В этот день паечки выдали, не дожидаясь тружеников с работы, которые находились а рабочей зоне по двенадцать часов, без учета дороги туда и обратно. После тревожного этапного дня, после того, как укомплектовали бригаду, натопили барак, после поверки все крепко заснули.

В пять часов раздался голосистый звон чугунной рейки и лениво просочился через мерзлые узорчатые окна в барак. В этот миг вбежали три неразлучных лагерных “придурка”: комендант, нарядчик и завизо. Изолятор в этом лагере в моде.

- Ну, ...”фашисты!”... Подъем! ... Пулей!..

“Блюстители порядка” приучают “контриков” к режиму в новом лагере. Кто опоздал подняться или не понял “муштры” воспитателей, - тем “придурки” принялись усердно объяснять палками.

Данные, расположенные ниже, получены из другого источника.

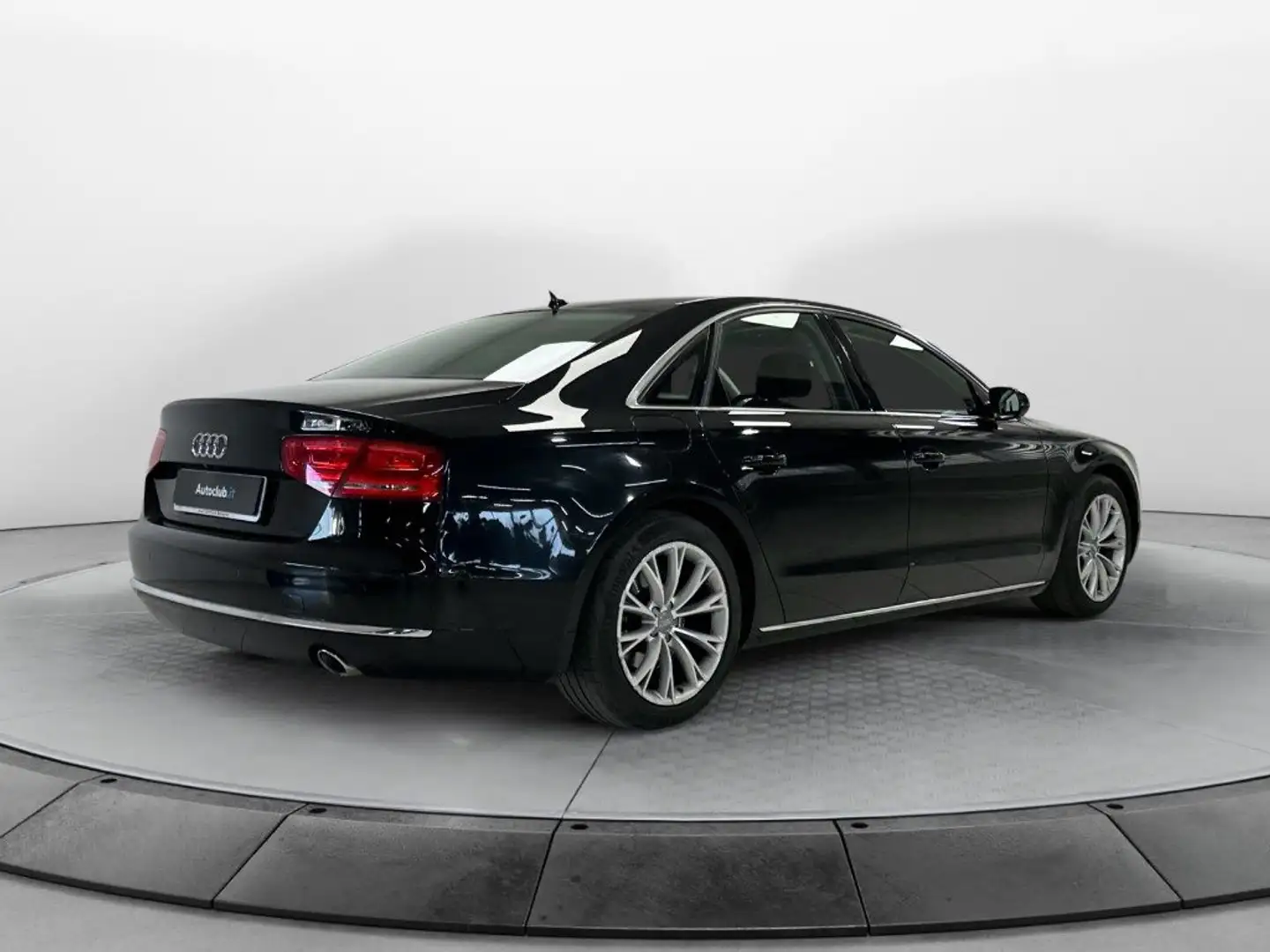 Audi A8 3.0 V6 tdi Quattro 250cv Nero - 2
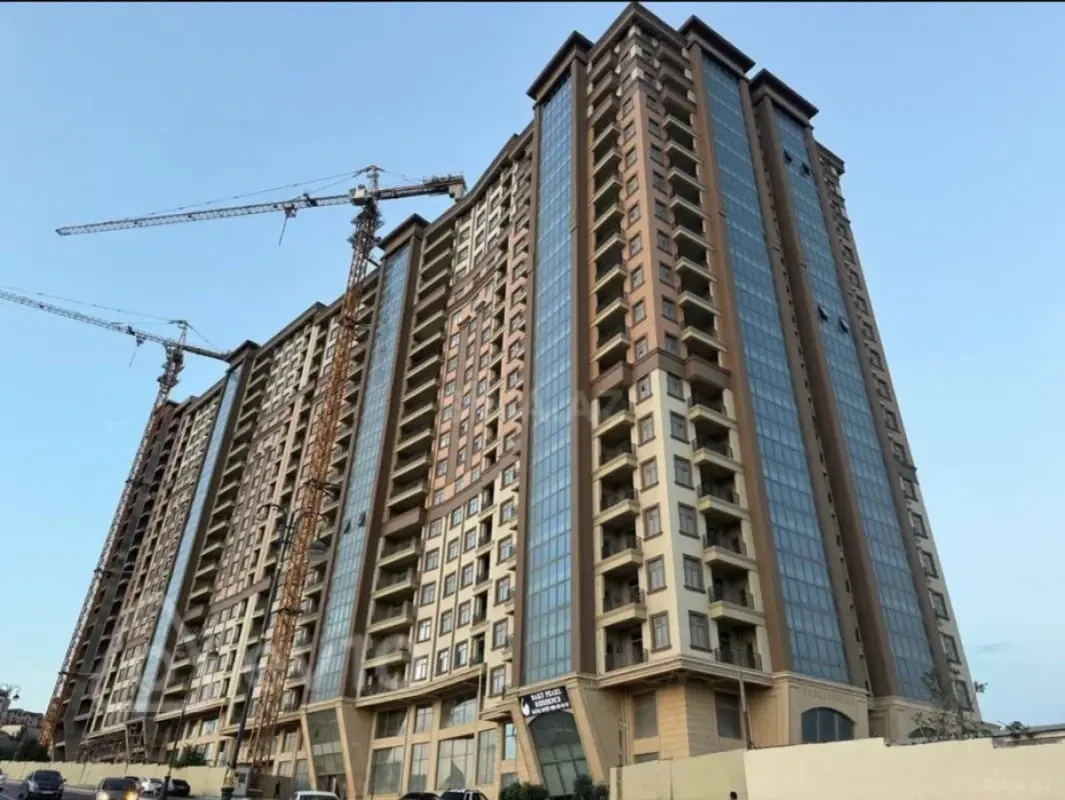 Satılır 4 otaqlı yeni tikili 185 m²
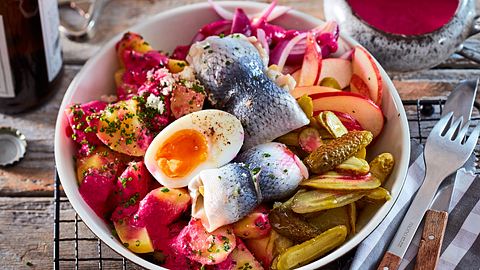 Labskaus-Salat mit Rollmops Rezept - Foto: House of Food / Bauer Food Experts KG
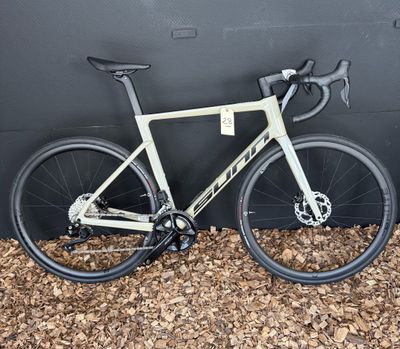 un gros plan d'un vélo garé contre un mur noir
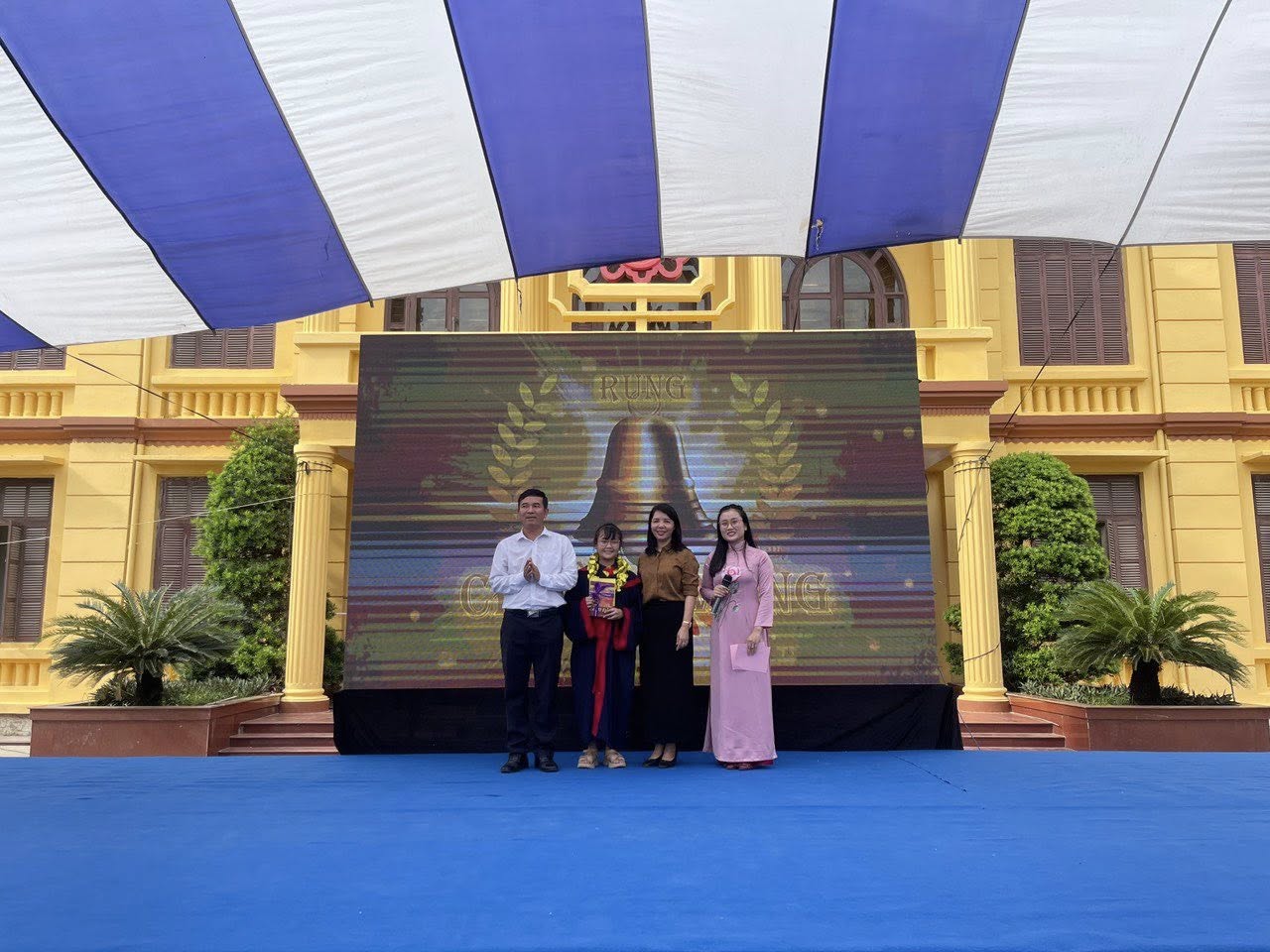 HÀO KHÍ XÔ VIẾT – TỰ HÀO TIẾP BƯỚC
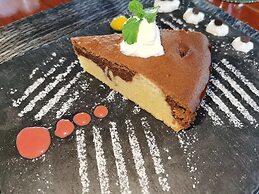 Kawayan Holiday Resort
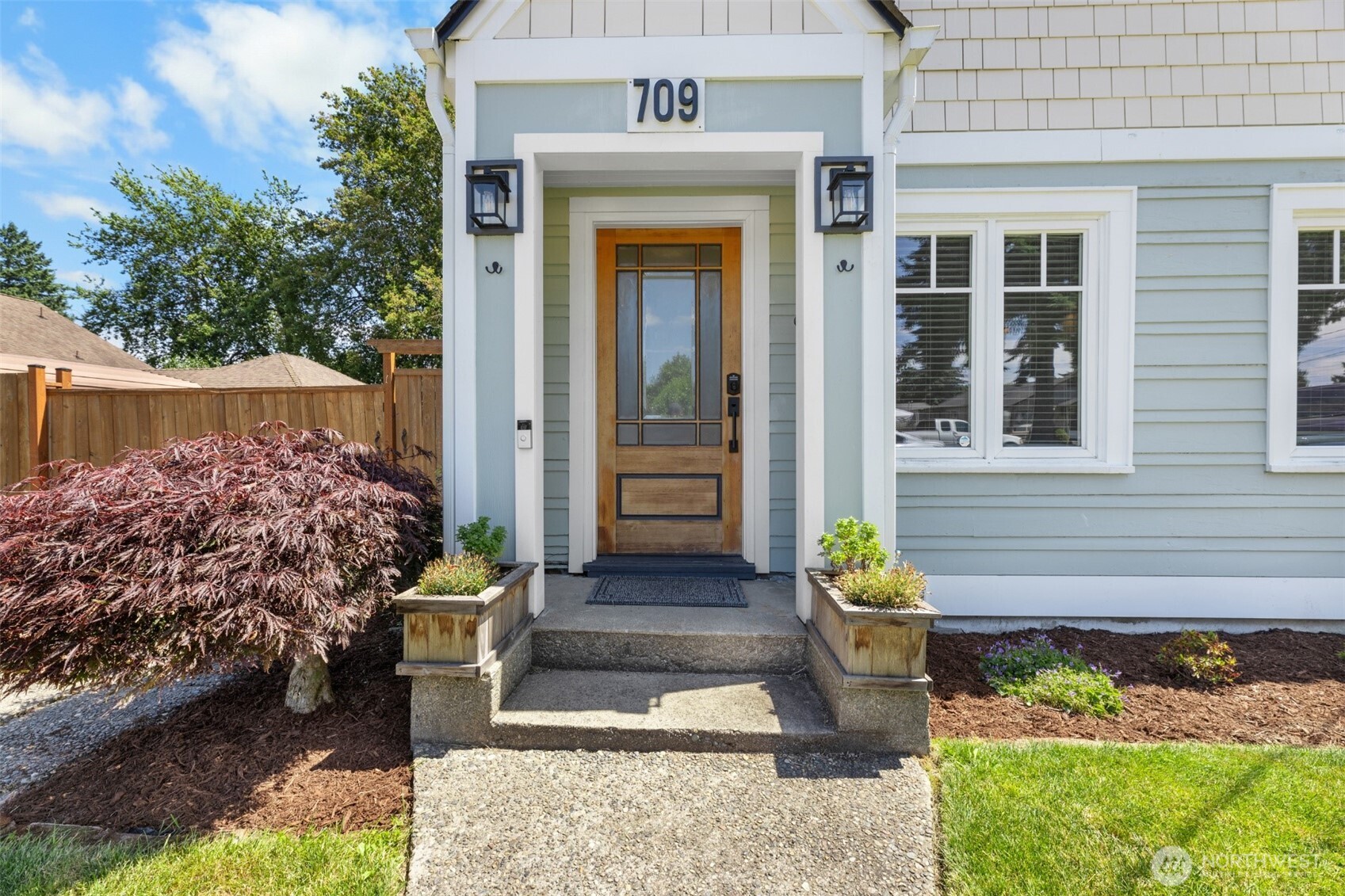 709 7th Street SW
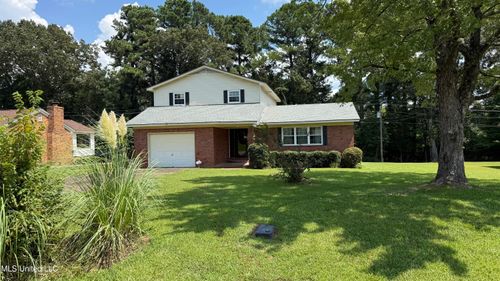 595 Swaney Rd, Holly Springs, MS, 38635-1207 | Card Image
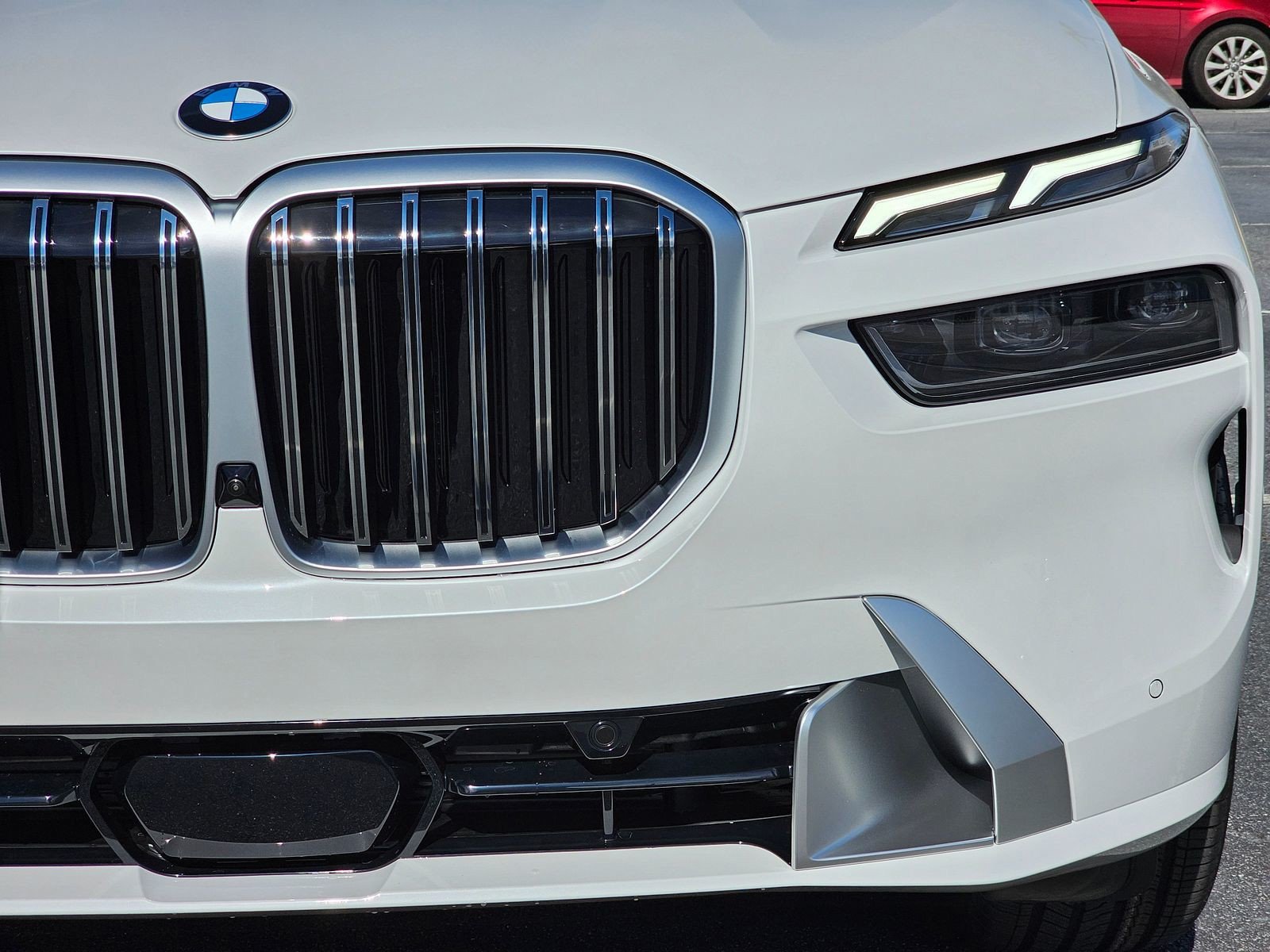Used 2026 Mineral White Metallic BMW xDrive40i image 9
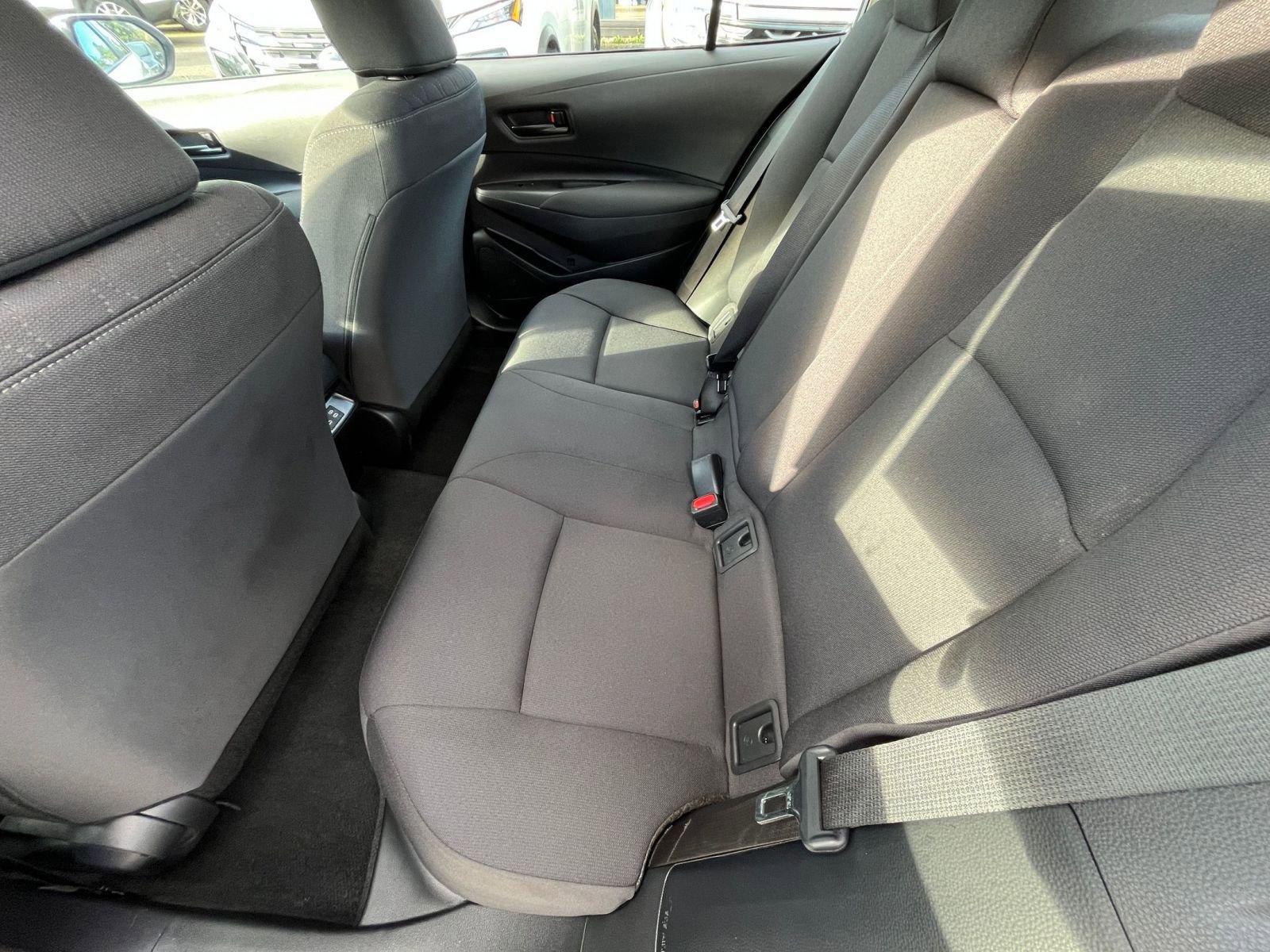 Thumbnail: 2025 Toyota Corolla - 25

Бригадир Востриков подвел бригаду к окошку кухни и выстроил цепочкой на просторе вселенной в очередь за “баландой”. Как только получили в черепковые рыжие миски утренний рацион, сразу почувствовали и зловещую тишину, и безразличие ко всему “доходяг” у печки, и душевную тревогу за насущный день. Наливает повар в миску что-то такое, что даже не похоже ни на баланду, ни на шулюмку - это светлый, приторный, горький, несоленый помутневший кипяток. Лишь на самом дне миски, словно в море крохотная рыбешка затерялась, плавают от души разваренные крупинки магара, похожие на лапчатые пушистые снежинки... Уж видели виды бригадники, но этой горькой водички никто не может выпить: уж такая она приторная, как морская вода, только разница в том, что та хоть соленая. Несмотря на холод, который гонит бригадников в барак, никто не уходит от кухни. Постепенно пьют глотками, ужасаются и повторяют страшное слово: “Могила!” ..., “Могила, братцы!”.. И еще не верят в действительность, еще чего-то ждут, думают, что кто-то над ними подшутил. А кода холод довел до сознания горькую правду - возвратились в барак и по старой привычке взобрались вновь на нары, переживая чаепитие. Кто изливает свое недовольство, а большинство лежит молча. Долго еще ждать вечерних паек.

В шесть часов новым этапникам кажется, что чугунная рейка повторила не звонкую мелодию, а  бряканье противного металла. В тот же миг, как из-под земли, вновь появились те же три  “воспитателя”:

- На развод, балбесы, вылетай!..

- Ты смотри, да они мертвый час устроили после сытного и вкусного завтрака, чтоб жирок завязался! - издевается завизо. - Ну-у... Гидра! Шевелись!

А нарядчик, так тот стихами декламирует:

- А ну, пни-пенечки, кончились ваши дни-денечки, у кедрухи да пихтухи, у костра да солнца...

- Без последнего, вылетай на развод!

-Шевелись, гансы да фрицы! Предупреждали же вас, что без последнего!

У дверей образовалась паническая толкотня, давка - каждый старается избежать ударов, побыстрей выскочить из барака, а “блюстители” все находят и находят последних, все колотят новичков увесистыми дубинками.

У пропуск будки поджидает тот самый паровоз “кукушечка”, который привез новичков сюда. Он пыхтит  своей длинной черной трубой, часто шипит, выпуская порывами густой, белый, как молоко, пар на трескучем горношорском морозе.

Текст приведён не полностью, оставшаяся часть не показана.